Basu therefore suggested that EULAR evidence-based guidelines for primary fibromyalgia should be translated to people with co-existing central pain mechanisms and rheumatoid arthritis. The focus is around education and physical therapy. However, for patients who have not responded to either of these strategies, the guidelines indicate a stratified approach. This includes the use of psychological therapies for people with concomitant depression, pharmacotherapy for patients with severe pain and sleep disturbance, and multimodal rehabilitation programmes for individuals who do not do well despite these interventions. With regard to pharmacological treatments, Basu stated that duloxetine has been recommended for the treatment of chronic pain, particularly more central pain mechanisms.
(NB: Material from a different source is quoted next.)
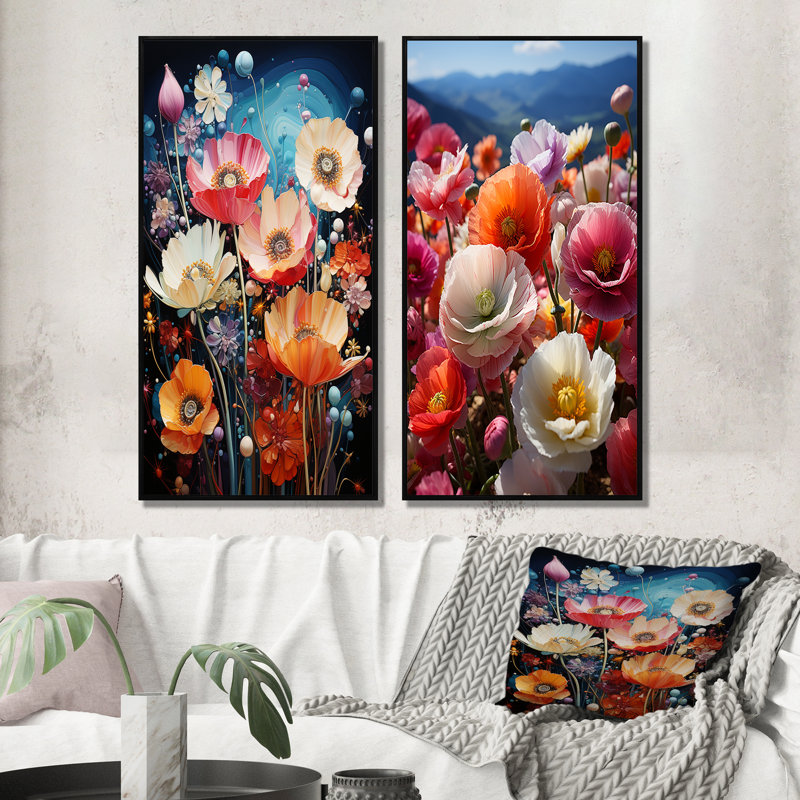«Wildflowers Enchanted Blossoms», 2 pièces sur toile, Cadre noir, H 20 po x l 24 po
A recent study conducted in Japan revealed that this drug provided benefit in people who had achieved remission of rheumatoid arthritis but still suffered pain. Furthermore, an evaluation of various immunotherapies illustrated that JAK inhibitors (e.g., baricitinib) demonstrated a superior analgesic effect relative to the gold standard of anti-TNFα agents. Basu hypothesised that this difference could be explained by the fact JAK inhibitors are better at inhibiting cytokines such as granulocyte-macrophage colony-stimulating factor, which are known to be important in pain pathways.

To conclude, Basu discussed the assessment of pain in people with rheumatoid arthritis. If there is no evidence of inflammation, it is feasible to persevere with existing immunotherapy, focus on other dimensions, such as structural damage, and look beyond the joints, since pain mechanisms may be centrally driven rather than around the periphery.